I think it’s fair to connect Jerome’s attitude toward Fabiola’s situation with his fierce fights with his bishop. Jerome argued fiercely with his bishop, Bishop John II of Jerusalem, and called him a chamber-pot. The angry arguments were – at least in part – about the teachings of Origen. Origen was an original and provocative thinker, and he spurred fascinating discussions about the Trinity that have been of great value to the Church ever since.
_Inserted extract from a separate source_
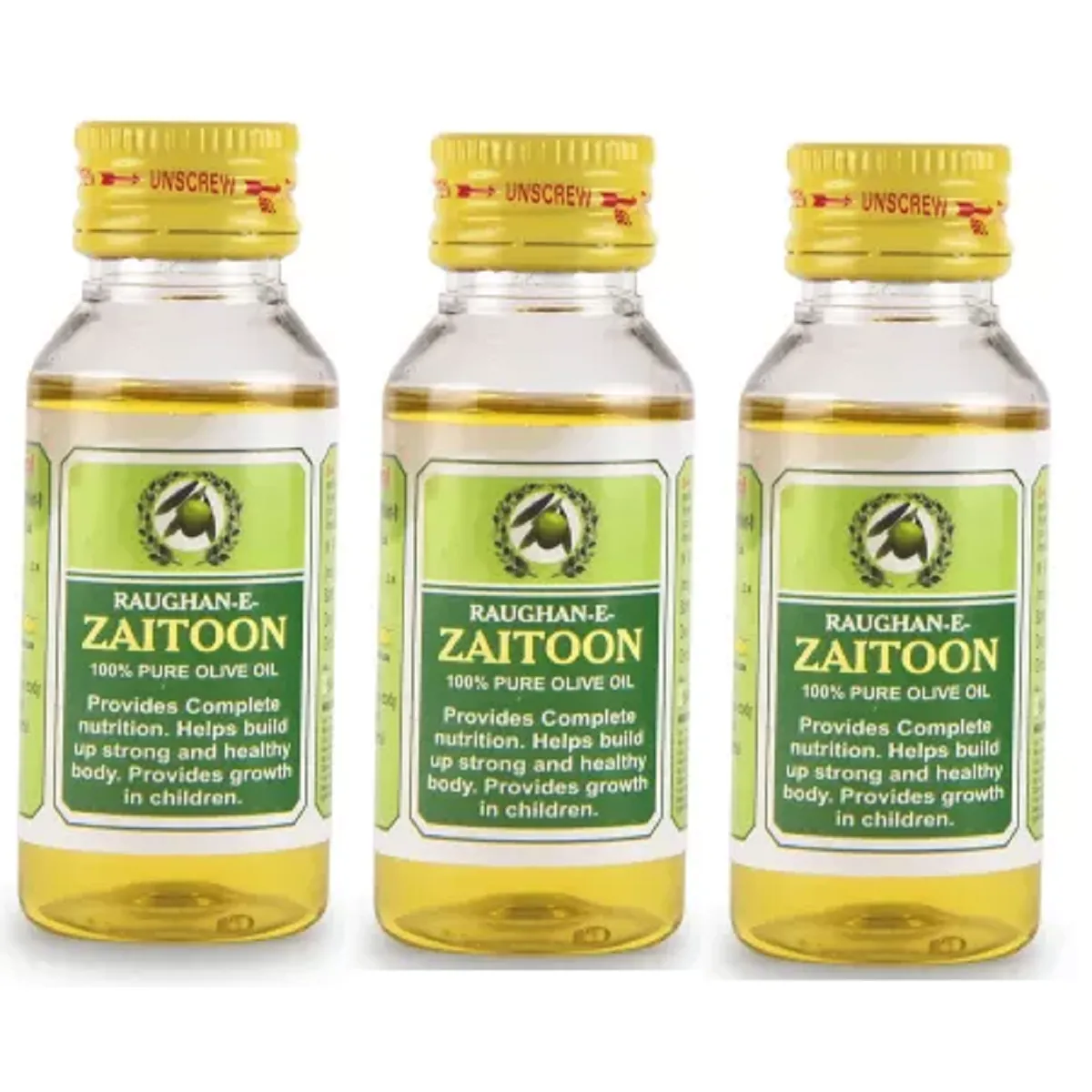 New Shama Roghan Zaitoon 60ml, Pack of 3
However, Origen had some troubled theories about the human body. For example, he speculated that since the saints in heaven have perfect bodies, and since the perfect shape is a sphere, perhaps everyone in heaven is spherical. How about that? I’m not sure why Peter and James and John didn’t notice that at the time of the Transfiguration.

Spherical speculation is one thing, but action is another – for better or for worse. Origen read that if your arm leads you to sin, you should cut it off; and if you eye leads you to sin, you should pluck it out. Origen’s arms and eyes didn’t lead him to sin, but he did have a troublesome appendage – and in perhaps excessive obedience, he lopped off his peccant parts. Just about every Christian thinker since then has suspected that his attitude towards the human body was flawed.


By contrast, Jerome was an ascetic, but he had a respect for human bodies, and a patient awareness of frailty.